Canceling carnival hurts Philly
It's heartbreaking that the El Carnaval de Puebla in South Philly was canceled because participants are fearful of immigration raids due to a hateful Trump agenda ("Mexican carnival is canceled amid fears," Tuesday). This city is known for its lively street festivals, from Odunde to the Italian Market Festival. These events allow us to learn about each other while celebrating our rich culture and diversity.
As a native Philadelphian, I embrace its multiplicity. As a union security officer, I'm fortunate to meet people from various countries every day. I learn from them, and vice versa.
Diversity in this city can be found from the authentic food to the music that blasts throughout the streets. Hundreds of thousands come to this so-called City of Brotherly Love and Sisterly Affection to sample its uniqueness and what makes Philly so great. Canceling this event stunts the learning experiences for all.
It's unfortunate that in President Trump's attempt to make America great, everyone else has to suffer.

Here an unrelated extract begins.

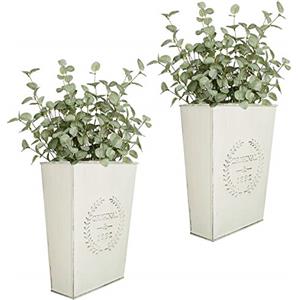 LESEN Set di 2 fioriere da parete in metallo, decorazione rustica da parete, vaso da appendere alla parete per piante, fiori, decorazione per la casa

|Karen Bonds, Philadelphia, firstname.lastname@example.org
ICE should get warrants
It's no surprise that the U.S. Immigration and Customs Enforcement agency got it wrong on its immigrant detainer list ("ICE cites Phila., Chesco in report," Wednesday). ICE has consistently failed to live up to its responsibilities under the U.S. Constitution. At times, it even has falsely identified, detained, and deported U.S. citizens.
Federal courts are clear: warrantless detainers do not meet constitutional muster. That's part of the reason dozens of counties in Pennsylvania don't participate. When counties have done ICE's work for them, they've run into serious problems. ICE's mistakes have resulted in costly lawsuits and chaos for local communities.
After waiting decades for immigration reform from Washington, immigrants in Philadelphia and across the country deserve better than an unaccountable federal agency targeting their communities and sowing widespread fear and misunderstanding.
When ICE believes there's someone dangerous on the street, the agency should follow responsible, legal law-enforcement procedures and get a judicial warrant. Its refusal to do so isn't a sign of enhanced safety or renewed effort; it's a sign that the agency is committed to flouting the law.
|Helen Gym, City Council, Philadelphia, email@example.com
Dissatisfied with health-care flip
Constituents have called U.S. Rep. Tom MacArthur (R., N.J.). We have writtenand faxed. We have done our part to help him understand the needs and fears and hopes that flood our minds every moment of every day. And, yet, he has failed to do his part, to represent us in Washington.
In explaining his decision to flip and vote for the GOP's American Health Care Act, he said he was "satisfied enough" with changes made to the plan and those yet to come, including better benefits for older and disabled Americans covered under Medicaid and an additional $85 billion for those ages 50 to 65.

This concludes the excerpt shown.